Bell Textron broke ground on the X-76 following a successful Critical Design Review (CDR), placing the aircraft within the storied lineage of American X-planes. The designation is no accident — coinciding with the United States’ 250th anniversary, X-76 deliberately echoes the revolutionary year of 1776, according to DARPA.
Breaking Aviation’s Oldest Trade-Off
Military planners have long faced a stubborn dilemma. Fixed-wing aircraft deliver speed but demand runways. Helicopters offer go-anywhere flexibility but sacrifice performance. SPRINT aims to eliminate that compromise entirely.
The programme is a joint effort between DARPA and U.S. Special Operations Command. Its target is a platform cruising beyond 400 knots while hovering, deploying from unprepared surfaces, and operating without any runway at all.
That combination would mark a step-change in how special operations forces project power — particularly in contested or austere environments where runways are either unavailable or actively targeted by adversaries.
From Design to Metal
SPRINT entered Phase 2 in May 2025 following DARPA’s downselect to Bell Textron as prime contractor. With the CDR complete, the programme now shifts into manufacturing, integration, assembly, and ground testing of the X-76 demonstrator.

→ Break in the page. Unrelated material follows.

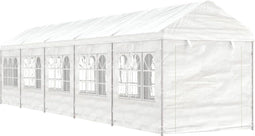 vidaXL - Prieel - met - dak - 11,15x2,28x2,69 - m - polyetheen - wit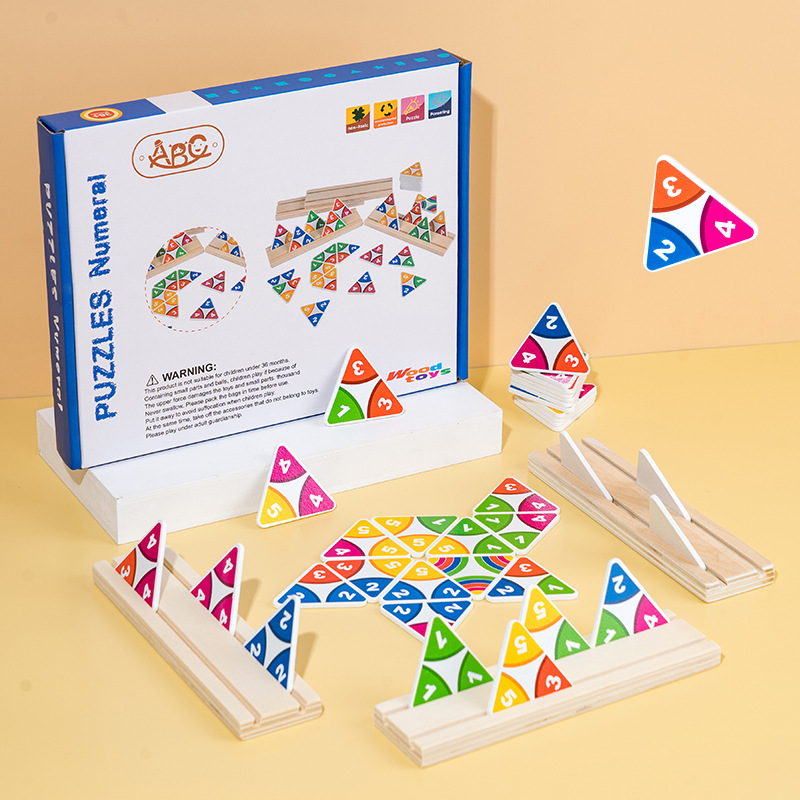 Juego de rompecabezas de color digital transfronterizo para niños rompecabezas de jardín de infantes educación temprana pensamiento lógico juguetes de madera al por mayor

Bell brings considerable pedigree to the effort. Its prior work on tiltrotor technology makes it a natural fit for a programme pushing hard at the boundaries of vertical lift.
DARPA SPRINT programme manager Commander Ian Higgins, U.S. Navy, was direct about what the X-76 represents.
“For too long, the runway has been both an enabler and a tether, granting speed but creating a critical vulnerability,” Higgins said. “With SPRINT, we’re not just building an X-plane; we’re building options — the option of surprise, rapid reinforcement, and life-saving speed, anywhere on the globe, without needing any runway.”
The Road to First Flight
Phase 3 flight testing is scheduled for early 2028. That programme will determine whether the X-76 validates its core performance targets and whether the technologies it matures are ready to inform future platforms.
The aircraft joins a lineage of X-planes that shaped modern aviation — from the Bell X-1, which broke the sound barrier in 1947, to later demonstrators probing stealth and hypersonic flight. Not every X-plane reaches production. Their value lies in de-risking emerging technology and shaping what comes next.
For U.S. Special Operations Command, a successful SPRINT demonstrator could unlock new operational concepts — rapid insertion and extraction without fixed infrastructure, expanded reach into denied environments, and reduced dependence on vulnerable forward operating bases.
The X-76 will not be the final product. But what it proves — or disproves — over the skies of a test range in 2028 could define the next generation of military aviation.